Art

Meet the Makers of RAW POP UP

Carolyn Batchelor

cultured

From December 5–9, RAW POP UP will transform an abandoned department store into a multisensory experience. Over the years, RAW POP UP has formed a collective of different creators with the purpose of cultivating a larger Interactive Art Movement. Next week, RAW POP UP will bring together more than 80 local and international creatives to fill the venue with an array of art forms including immersive installations and performances that will transport you to an alternate era. We sat down with eleven of the makers to discuss their work and how they will define and contribute to the theme of a department store from a lost era. Watch the teaser video for a peek and to experience RAW POP UP for yourself, purchase tickets here.

James Goodwin (Datasynced)

How important is social media and the rise of digital media in your art form? Without digital space and social media, I’m not sure my art form would exist. I find these platforms are most sensible for activations, social experiments, and interactive experiences, which contribute towards my efforts to emphasize fluidity, human connection and how immersed we are into two realities simultaneously. Today, we are able to reach from one, to hundreds of thousands, to millions of people through social media instantly. We are seeing social norms form and restructure right before our eyes through trends almost daily. These shifts have resulted from the rise of digital media and so it keeps me optimistic.

How do you think computers will influence art in the next century? I see artificial intelligence occupying a good percentage of the art world in the next century and having a revolutionary impact on how future generations create, perceive, and digest art. I consider the fact that computers are designed to execute tasks. Today, there are ongoing experimental efforts in this space and art produced by artificial intelligence in quite a few stories have been successful, which makes me curious about the evolution of these performances in the future.

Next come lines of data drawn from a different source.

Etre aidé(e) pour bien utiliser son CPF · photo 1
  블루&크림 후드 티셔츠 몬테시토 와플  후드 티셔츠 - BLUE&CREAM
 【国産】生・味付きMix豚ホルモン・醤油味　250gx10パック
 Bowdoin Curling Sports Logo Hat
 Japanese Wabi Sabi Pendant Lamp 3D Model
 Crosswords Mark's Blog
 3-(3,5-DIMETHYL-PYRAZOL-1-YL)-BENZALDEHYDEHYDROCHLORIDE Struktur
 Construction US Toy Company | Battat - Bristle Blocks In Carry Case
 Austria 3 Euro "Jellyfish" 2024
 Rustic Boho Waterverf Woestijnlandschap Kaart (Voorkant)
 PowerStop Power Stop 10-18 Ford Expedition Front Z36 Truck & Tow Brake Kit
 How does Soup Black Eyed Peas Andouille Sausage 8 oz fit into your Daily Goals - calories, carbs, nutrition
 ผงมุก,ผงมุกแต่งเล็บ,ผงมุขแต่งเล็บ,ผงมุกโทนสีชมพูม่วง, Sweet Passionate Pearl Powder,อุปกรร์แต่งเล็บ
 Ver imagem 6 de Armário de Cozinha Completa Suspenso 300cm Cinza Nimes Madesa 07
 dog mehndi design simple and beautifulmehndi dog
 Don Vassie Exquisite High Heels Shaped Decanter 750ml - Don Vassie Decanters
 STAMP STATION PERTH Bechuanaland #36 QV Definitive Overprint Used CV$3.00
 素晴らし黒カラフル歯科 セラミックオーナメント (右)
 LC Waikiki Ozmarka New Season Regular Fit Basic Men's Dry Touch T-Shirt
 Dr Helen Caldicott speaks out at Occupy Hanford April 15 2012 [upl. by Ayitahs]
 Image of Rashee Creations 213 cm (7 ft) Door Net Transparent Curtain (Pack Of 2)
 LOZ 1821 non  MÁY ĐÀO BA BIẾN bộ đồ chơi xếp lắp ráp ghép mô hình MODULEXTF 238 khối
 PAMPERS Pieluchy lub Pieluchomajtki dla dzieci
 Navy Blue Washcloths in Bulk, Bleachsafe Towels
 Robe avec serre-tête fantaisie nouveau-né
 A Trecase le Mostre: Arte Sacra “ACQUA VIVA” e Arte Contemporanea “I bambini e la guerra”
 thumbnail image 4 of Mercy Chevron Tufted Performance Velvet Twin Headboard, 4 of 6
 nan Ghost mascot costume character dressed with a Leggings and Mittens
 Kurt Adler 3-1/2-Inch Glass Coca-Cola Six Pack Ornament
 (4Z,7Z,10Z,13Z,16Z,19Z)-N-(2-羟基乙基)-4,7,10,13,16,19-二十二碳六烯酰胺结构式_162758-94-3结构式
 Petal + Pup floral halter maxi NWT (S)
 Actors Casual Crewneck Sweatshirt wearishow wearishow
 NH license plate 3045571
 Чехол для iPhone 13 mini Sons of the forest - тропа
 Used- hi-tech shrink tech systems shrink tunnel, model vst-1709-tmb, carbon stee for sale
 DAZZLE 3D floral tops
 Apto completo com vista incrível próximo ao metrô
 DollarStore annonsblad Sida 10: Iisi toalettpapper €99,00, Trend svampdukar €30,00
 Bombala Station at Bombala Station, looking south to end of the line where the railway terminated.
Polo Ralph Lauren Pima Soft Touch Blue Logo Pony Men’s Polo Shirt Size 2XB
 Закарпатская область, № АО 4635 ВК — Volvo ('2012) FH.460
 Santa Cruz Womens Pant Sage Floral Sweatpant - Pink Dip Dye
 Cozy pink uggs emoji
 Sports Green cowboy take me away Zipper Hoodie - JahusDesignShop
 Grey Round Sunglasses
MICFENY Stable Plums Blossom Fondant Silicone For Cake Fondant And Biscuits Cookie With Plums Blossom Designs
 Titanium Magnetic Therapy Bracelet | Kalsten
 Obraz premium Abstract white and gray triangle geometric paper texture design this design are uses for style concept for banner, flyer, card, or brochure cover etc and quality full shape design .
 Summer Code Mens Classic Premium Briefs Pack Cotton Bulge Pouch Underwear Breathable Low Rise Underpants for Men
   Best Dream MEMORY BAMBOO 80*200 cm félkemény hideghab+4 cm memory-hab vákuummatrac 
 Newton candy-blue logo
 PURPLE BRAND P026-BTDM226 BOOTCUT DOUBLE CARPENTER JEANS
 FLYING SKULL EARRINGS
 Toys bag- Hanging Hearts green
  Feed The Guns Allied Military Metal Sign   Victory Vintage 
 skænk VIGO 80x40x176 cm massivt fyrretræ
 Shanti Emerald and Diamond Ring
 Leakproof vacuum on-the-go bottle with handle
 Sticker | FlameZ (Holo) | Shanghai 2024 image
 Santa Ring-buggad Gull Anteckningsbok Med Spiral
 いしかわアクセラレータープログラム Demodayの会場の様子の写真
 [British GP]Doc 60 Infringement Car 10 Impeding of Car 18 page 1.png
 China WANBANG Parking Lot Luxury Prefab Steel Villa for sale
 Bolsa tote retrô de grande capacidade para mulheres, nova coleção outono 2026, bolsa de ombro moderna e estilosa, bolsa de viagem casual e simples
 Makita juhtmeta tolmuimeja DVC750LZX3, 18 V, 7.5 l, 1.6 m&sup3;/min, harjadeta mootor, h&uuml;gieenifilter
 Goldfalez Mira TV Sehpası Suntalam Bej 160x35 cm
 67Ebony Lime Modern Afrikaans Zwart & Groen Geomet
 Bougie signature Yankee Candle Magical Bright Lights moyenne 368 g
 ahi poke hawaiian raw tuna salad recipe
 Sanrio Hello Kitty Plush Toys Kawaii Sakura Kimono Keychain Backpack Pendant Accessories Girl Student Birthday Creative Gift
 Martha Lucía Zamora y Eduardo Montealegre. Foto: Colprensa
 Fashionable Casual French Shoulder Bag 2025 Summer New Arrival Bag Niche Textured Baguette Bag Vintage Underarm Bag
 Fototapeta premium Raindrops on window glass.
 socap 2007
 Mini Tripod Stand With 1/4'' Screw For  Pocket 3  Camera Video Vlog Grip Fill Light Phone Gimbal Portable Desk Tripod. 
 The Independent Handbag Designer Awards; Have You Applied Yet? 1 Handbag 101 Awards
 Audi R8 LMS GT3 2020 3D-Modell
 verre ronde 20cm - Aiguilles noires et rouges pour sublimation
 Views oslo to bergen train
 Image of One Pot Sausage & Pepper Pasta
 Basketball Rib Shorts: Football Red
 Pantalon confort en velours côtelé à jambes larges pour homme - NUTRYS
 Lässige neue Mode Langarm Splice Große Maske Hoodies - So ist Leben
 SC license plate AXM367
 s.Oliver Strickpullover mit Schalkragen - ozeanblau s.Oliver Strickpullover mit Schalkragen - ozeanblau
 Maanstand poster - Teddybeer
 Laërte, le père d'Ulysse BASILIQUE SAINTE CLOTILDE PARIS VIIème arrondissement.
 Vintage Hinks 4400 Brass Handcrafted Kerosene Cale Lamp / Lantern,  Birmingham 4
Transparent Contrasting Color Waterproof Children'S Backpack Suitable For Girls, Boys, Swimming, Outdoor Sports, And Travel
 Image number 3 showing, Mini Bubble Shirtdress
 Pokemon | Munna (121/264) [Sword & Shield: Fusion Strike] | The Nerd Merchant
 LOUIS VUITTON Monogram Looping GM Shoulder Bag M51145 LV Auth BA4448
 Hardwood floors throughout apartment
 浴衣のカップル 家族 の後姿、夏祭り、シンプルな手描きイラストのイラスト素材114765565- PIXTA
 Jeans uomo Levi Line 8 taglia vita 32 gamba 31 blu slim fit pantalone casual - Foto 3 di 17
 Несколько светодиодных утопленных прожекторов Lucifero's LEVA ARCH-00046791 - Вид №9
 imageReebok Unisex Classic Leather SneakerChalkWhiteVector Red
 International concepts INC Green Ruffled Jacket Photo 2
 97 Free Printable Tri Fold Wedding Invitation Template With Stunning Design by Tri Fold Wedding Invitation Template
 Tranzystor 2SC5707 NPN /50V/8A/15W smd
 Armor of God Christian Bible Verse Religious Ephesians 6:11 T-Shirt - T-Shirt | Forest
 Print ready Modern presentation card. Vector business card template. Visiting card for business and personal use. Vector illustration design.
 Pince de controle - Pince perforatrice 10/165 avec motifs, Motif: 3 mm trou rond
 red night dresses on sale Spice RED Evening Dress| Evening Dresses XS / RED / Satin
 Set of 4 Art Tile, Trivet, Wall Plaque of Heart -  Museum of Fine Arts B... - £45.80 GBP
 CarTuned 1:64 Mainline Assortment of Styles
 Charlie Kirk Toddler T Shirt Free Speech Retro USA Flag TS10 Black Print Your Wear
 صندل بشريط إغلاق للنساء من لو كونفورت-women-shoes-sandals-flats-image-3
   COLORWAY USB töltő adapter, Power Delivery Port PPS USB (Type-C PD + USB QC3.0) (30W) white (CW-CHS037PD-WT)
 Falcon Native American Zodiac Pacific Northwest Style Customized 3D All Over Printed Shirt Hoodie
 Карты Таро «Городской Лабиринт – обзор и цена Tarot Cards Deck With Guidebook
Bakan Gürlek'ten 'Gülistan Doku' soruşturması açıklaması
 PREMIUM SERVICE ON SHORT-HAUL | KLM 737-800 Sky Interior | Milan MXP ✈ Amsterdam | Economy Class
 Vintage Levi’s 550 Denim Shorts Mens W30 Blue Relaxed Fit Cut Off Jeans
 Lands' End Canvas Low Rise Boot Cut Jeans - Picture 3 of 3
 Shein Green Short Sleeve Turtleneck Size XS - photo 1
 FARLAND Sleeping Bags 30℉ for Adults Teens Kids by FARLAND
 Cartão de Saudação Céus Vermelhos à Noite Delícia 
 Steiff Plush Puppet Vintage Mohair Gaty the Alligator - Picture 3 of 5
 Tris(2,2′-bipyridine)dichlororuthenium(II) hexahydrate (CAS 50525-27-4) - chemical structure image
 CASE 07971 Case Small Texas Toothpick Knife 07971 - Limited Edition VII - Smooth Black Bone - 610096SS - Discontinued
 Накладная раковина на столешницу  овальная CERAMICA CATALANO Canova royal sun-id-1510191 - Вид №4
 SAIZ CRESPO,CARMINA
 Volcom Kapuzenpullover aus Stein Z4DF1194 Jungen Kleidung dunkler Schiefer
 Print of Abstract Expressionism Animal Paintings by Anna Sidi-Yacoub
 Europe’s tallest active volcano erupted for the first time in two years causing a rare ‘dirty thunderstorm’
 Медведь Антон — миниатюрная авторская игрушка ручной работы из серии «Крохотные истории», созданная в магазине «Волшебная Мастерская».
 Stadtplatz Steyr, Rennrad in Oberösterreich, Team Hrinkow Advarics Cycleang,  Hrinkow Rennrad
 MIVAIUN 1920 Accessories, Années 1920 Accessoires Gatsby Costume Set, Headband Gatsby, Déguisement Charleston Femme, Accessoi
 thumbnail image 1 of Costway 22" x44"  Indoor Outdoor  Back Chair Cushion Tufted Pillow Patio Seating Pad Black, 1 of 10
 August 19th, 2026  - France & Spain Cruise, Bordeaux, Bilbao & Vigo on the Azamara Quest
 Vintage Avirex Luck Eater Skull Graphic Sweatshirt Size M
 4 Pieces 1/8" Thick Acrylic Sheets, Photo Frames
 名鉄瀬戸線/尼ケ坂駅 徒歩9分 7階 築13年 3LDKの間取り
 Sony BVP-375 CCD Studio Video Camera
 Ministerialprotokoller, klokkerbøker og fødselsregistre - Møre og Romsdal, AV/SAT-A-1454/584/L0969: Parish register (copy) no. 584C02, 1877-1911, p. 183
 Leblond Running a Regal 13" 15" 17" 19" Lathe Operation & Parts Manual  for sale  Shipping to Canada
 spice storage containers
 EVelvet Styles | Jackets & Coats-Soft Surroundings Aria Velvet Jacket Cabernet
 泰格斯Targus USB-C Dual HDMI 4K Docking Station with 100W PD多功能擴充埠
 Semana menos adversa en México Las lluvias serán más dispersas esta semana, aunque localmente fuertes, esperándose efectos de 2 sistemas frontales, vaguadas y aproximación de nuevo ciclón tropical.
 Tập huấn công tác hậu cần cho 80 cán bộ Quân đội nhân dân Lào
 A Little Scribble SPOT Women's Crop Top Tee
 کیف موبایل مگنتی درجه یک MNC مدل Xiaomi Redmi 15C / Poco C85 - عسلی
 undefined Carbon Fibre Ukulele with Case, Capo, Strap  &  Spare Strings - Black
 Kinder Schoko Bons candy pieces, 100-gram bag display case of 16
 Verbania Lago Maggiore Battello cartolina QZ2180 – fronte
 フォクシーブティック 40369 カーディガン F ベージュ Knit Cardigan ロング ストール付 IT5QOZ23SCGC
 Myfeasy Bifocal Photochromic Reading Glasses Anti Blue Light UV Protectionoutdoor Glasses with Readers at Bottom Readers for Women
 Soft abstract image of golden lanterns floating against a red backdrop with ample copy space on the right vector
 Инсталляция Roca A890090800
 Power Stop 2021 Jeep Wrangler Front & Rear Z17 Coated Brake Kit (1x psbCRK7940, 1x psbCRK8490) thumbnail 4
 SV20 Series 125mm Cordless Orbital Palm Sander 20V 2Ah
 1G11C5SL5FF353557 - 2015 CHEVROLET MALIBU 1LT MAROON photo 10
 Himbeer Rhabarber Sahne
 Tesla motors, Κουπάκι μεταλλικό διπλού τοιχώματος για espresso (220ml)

Think about the amount of memes and images out there, the amount of search results, the amount of YouTube videos, the amount of virtual pollution, the amount of virtual interactions between residual images of people and avatars, and then think about the new reality and perspective being created by this activity and the system you’re educating i.e. the computer. Now fast forward 50–100 years and add virtual emotional intelligence into the mix: computers taking what they have learned and painting synthetic perceptions of the then-current state of the virtual climate and the internet, because through machine learning, they have been educated on a reality human beings have created in an alternate space. We see glimpses of this through search engines being used in the present times now.

Zeynep Arolat x Salih Ferad

Who are some of your architectural influences? My biggest architectural influences are masters like Tadao Ando and Carlo Scarpa, who design very sensitively for each of their sites. Their architectural details are so delicate that they flirt with sunlight, water or with the sound of the wind. For me in space making, contextual situations should direct architectural moves so that there can be a real soul of the building/place.

How important are traditional art forms in your creative process? Traditional art forms were influential in their own time. Today in our mechanical age, the range of things we can do is infinite. With my partner Sali, by combining architecture and the digital realm, we try to learn from the past but create something “other” than what has existed. We believe that only then as creative minds we can question and criticize the present, for the sake of a better future.

Jane Quan x Florentine Ruault

How do your current projects reflect the increasing interconnectivity of society and the continual push for globalization? In today’s interconnected world, one’s identity has become synonymous with one’s ideas and ideals. Selfies and images are used to define and present our chosen identities to global audiences through the use of social media and digital web. We’ve imagined Charlie as a trans-human character with no race nor gender and as a potential canvas for the future generation. Charlie’s Electric Sheep hopes to put self- representations in perspective by juxtaposing digital imagery and human interaction. Our aim is to remind the viewers not to lose their values in the new age as we sit on the brink of the AI revolution. We are aiming to address these contemporary issues using art as an international language without geographical or cultural barriers.

How does the modern city scape affect art and interaction and in what way does your art separate the viewer from this reality?
JQ:
The static architecture that looms over us remains a constant reminder of modern civilization and pushes us to explore the many complex aspects of humanity through art. Through the use of digital tools, our installation separates the viewer from the ground they stand on and the buildings around them by being reactive to movement and interaction. It hopes to act as the fine line between the animalistic movements and behavior that we naturally engage in versus the new wave of trans-humanism that seeks to put that side of humanity aside. My art acts as a tool to define the two realities that we have been placed in as people, with digital elements that pay homage to the technology that has raised us and the use of our moving bodies as an undeniable part of our beings.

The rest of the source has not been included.